## Records for this task
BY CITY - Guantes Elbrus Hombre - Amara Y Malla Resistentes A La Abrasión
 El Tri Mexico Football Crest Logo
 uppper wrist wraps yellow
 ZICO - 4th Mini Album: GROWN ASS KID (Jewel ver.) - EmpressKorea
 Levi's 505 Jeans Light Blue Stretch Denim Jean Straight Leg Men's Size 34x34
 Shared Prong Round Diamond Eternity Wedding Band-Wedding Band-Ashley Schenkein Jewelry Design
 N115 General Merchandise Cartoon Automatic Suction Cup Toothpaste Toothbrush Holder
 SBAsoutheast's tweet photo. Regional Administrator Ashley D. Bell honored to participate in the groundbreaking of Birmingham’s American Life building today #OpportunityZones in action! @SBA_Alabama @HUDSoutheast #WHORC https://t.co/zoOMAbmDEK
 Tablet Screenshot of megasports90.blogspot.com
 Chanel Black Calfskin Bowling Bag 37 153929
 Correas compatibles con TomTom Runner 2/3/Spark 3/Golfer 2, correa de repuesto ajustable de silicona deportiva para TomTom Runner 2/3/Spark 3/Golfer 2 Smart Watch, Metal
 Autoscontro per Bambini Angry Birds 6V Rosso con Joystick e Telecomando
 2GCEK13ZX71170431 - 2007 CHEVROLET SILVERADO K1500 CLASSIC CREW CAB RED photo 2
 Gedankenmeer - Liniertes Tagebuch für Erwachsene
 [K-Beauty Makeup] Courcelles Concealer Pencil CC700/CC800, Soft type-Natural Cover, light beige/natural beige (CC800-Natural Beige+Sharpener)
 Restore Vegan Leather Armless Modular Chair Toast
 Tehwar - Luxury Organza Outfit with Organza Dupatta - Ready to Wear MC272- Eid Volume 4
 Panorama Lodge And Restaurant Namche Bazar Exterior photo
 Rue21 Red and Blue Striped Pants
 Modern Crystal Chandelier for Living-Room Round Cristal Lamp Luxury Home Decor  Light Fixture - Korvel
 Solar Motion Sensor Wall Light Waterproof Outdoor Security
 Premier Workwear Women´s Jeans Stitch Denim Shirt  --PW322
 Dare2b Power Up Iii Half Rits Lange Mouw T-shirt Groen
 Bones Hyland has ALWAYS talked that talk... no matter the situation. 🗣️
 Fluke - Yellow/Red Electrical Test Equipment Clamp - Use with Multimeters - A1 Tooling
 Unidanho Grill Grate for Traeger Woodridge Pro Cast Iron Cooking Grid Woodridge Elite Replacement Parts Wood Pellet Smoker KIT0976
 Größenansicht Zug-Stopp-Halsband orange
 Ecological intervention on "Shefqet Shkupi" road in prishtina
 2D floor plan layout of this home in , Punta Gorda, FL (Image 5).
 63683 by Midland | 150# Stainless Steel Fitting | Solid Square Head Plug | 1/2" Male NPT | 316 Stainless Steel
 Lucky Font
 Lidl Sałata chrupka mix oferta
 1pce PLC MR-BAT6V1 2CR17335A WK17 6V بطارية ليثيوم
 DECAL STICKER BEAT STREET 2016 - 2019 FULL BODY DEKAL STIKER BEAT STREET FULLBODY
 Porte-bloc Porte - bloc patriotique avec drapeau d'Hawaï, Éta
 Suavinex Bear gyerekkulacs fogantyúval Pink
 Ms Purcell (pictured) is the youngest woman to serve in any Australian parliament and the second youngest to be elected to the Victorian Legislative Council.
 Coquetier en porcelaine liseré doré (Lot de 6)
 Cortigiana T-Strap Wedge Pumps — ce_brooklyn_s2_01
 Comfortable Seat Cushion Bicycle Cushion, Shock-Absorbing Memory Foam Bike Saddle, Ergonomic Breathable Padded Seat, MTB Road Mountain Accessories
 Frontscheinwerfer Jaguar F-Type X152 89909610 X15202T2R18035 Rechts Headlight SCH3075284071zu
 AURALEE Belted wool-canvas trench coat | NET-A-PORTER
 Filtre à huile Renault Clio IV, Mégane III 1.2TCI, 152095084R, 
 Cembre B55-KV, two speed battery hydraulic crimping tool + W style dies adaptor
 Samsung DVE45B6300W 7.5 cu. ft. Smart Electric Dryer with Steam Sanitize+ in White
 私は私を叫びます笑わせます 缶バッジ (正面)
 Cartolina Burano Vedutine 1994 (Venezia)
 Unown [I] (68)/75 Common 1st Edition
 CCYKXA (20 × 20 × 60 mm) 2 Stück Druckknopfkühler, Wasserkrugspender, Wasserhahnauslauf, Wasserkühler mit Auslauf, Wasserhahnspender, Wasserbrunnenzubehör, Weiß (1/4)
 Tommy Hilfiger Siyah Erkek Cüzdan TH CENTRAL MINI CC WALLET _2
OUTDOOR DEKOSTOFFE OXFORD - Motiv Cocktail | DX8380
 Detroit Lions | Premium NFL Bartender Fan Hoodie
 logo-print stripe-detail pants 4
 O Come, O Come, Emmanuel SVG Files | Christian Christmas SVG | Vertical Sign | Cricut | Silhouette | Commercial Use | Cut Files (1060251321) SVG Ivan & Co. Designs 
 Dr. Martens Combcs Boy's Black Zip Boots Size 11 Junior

## Task directions
Nothing in the records may change; output all of them exactly.

## Task answer
BY CITY - Guantes Elbrus Hombre - Amara Y Malla Resistentes A La Abrasión
 El Tri Mexico Football Crest Logo
 uppper wrist wraps yellow
 ZICO - 4th Mini Album: GROWN ASS KID (Jewel ver.) - EmpressKorea
 Levi's 505 Jeans Light Blue Stretch Denim Jean Straight Leg Men's Size 34x34
 Shared Prong Round Diamond Eternity Wedding Band-Wedding Band-Ashley Schenkein Jewelry Design
 N115 General Merchandise Cartoon Automatic Suction Cup Toothpaste Toothbrush Holder
 SBAsoutheast's tweet photo. Regional Administrator Ashley D. Bell honored to participate in the groundbreaking of Birmingham’s American Life building today #OpportunityZones in action! @SBA_Alabama @HUDSoutheast #WHORC https://t.co/zoOMAbmDEK
 Tablet Screenshot of megasports90.blogspot.com
 Chanel Black Calfskin Bowling Bag 37 153929
 Correas compatibles con TomTom Runner 2/3/Spark 3/Golfer 2, correa de repuesto ajustable de silicona deportiva para TomTom Runner 2/3/Spark 3/Golfer 2 Smart Watch, Metal
 Autoscontro per Bambini Angry Birds 6V Rosso con Joystick e Telecomando
 2GCEK13ZX71170431 - 2007 CHEVROLET SILVERADO K1500 CLASSIC CREW CAB RED photo 2
 Gedankenmeer - Liniertes Tagebuch für Erwachsene
 [K-Beauty Makeup] Courcelles Concealer Pencil CC700/CC800, Soft type-Natural Cover, light beige/natural beige (CC800-Natural Beige+Sharpener)
 Restore Vegan Leather Armless Modular Chair Toast
 Tehwar - Luxury Organza Outfit with Organza Dupatta - Ready to Wear MC272- Eid Volume 4
 Panorama Lodge And Restaurant Namche Bazar Exterior photo
 Rue21 Red and Blue Striped Pants
 Modern Crystal Chandelier for Living-Room Round Cristal Lamp Luxury Home Decor  Light Fixture - Korvel
 Solar Motion Sensor Wall Light Waterproof Outdoor Security
 Premier Workwear Women´s Jeans Stitch Denim Shirt  --PW322
 Dare2b Power Up Iii Half Rits Lange Mouw T-shirt Groen
 Bones Hyland has ALWAYS talked that talk... no matter the situation. 🗣️
 Fluke - Yellow/Red Electrical Test Equipment Clamp - Use with Multimeters - A1 Tooling
 Unidanho Grill Grate for Traeger Woodridge Pro Cast Iron Cooking Grid Woodridge Elite Replacement Parts Wood Pellet Smoker KIT0976
 Größenansicht Zug-Stopp-Halsband orange
 Ecological intervention on "Shefqet Shkupi" road in prishtina
 2D floor plan layout of this home in , Punta Gorda, FL (Image 5).
 63683 by Midland | 150# Stainless Steel Fitting | Solid Square Head Plug | 1/2" Male NPT | 316 Stainless Steel
 Lucky Font
 Lidl Sałata chrupka mix oferta
 1pce PLC MR-BAT6V1 2CR17335A WK17 6V بطارية ليثيوم
 DECAL STICKER BEAT STREET 2016 - 2019 FULL BODY DEKAL STIKER BEAT STREET FULLBODY
 Porte-bloc Porte - bloc patriotique avec drapeau d'Hawaï, Éta
 Suavinex Bear gyerekkulacs fogantyúval Pink
 Ms Purcell (pictured) is the youngest woman to serve in any Australian parliament and the second youngest to be elected to the Victorian Legislative Council.
 Coquetier en porcelaine liseré doré (Lot de 6)
 Cortigiana T-Strap Wedge Pumps — ce_brooklyn_s2_01
 Comfortable Seat Cushion Bicycle Cushion, Shock-Absorbing Memory Foam Bike Saddle, Ergonomic Breathable Padded Seat, MTB Road Mountain Accessories
 Frontscheinwerfer Jaguar F-Type X152 89909610 X15202T2R18035 Rechts Headlight SCH3075284071zu
 AURALEE Belted wool-canvas trench coat | NET-A-PORTER
 Filtre à huile Renault Clio IV, Mégane III 1.2TCI, 152095084R, 
 Cembre B55-KV, two speed battery hydraulic crimping tool + W style dies adaptor
 Samsung DVE45B6300W 7.5 cu. ft. Smart Electric Dryer with Steam Sanitize+ in White
 私は私を叫びます笑わせます 缶バッジ (正面)
 Cartolina Burano Vedutine 1994 (Venezia)
 Unown [I] (68)/75 Common 1st Edition
 CCYKXA (20 × 20 × 60 mm) 2 Stück Druckknopfkühler, Wasserkrugspender, Wasserhahnauslauf, Wasserkühler mit Auslauf, Wasserhahnspender, Wasserbrunnenzubehör, Weiß (1/4)
 Tommy Hilfiger Siyah Erkek Cüzdan TH CENTRAL MINI CC WALLET _2
OUTDOOR DEKOSTOFFE OXFORD - Motiv Cocktail | DX8380
 Detroit Lions | Premium NFL Bartender Fan Hoodie
 logo-print stripe-detail pants 4
 O Come, O Come, Emmanuel SVG Files | Christian Christmas SVG | Vertical Sign | Cricut | Silhouette | Commercial Use | Cut Files (1060251321) SVG Ivan & Co. Designs 
 Dr. Martens Combcs Boy's Black Zip Boots Size 11 Junior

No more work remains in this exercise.